> YOUR INSTRUCTIONS
Apart from the images, the entire listing below must be restated word for word.

> INFORMATION SUPPLIED
<<<<

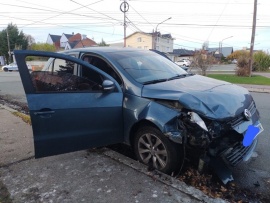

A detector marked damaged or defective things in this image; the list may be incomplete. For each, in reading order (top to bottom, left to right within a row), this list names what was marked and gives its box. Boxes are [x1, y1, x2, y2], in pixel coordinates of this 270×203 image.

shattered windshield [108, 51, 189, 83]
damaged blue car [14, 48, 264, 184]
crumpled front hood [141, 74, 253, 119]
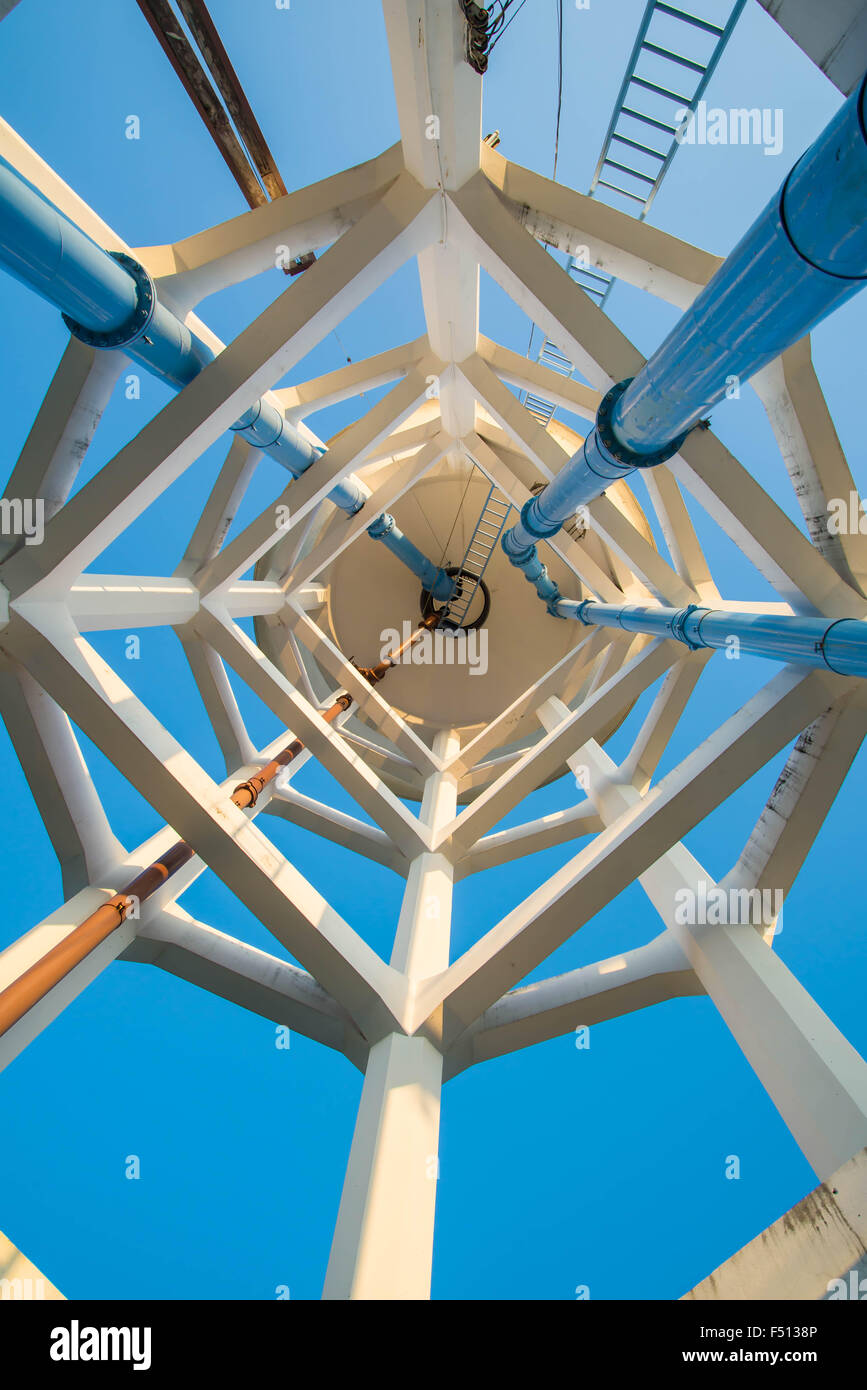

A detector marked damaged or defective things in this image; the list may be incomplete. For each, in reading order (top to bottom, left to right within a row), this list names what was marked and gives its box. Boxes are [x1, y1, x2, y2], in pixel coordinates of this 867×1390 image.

>>>>

> TASK RESULT
A detector marked damaged or defective things in this image; the list may be incomplete. For each, in reading order (top to bottom, left to right within a row), this list names what was marked and gives its box. Boxes are [x1, y1, x2, y2], in pixel coordinates of this 270×203 image.

shattered windshield [108, 51, 189, 83]
damaged blue car [14, 48, 264, 184]
crumpled front hood [141, 74, 253, 119]

A detector marked damaged or defective things in this image; the list may be incomplete. For each, in reading order (top to bottom, left to right within a row), this list names what was marked and gives its box. Boxes are [x1, y1, x2, y2], in pixel coordinates of this 867×1390 image.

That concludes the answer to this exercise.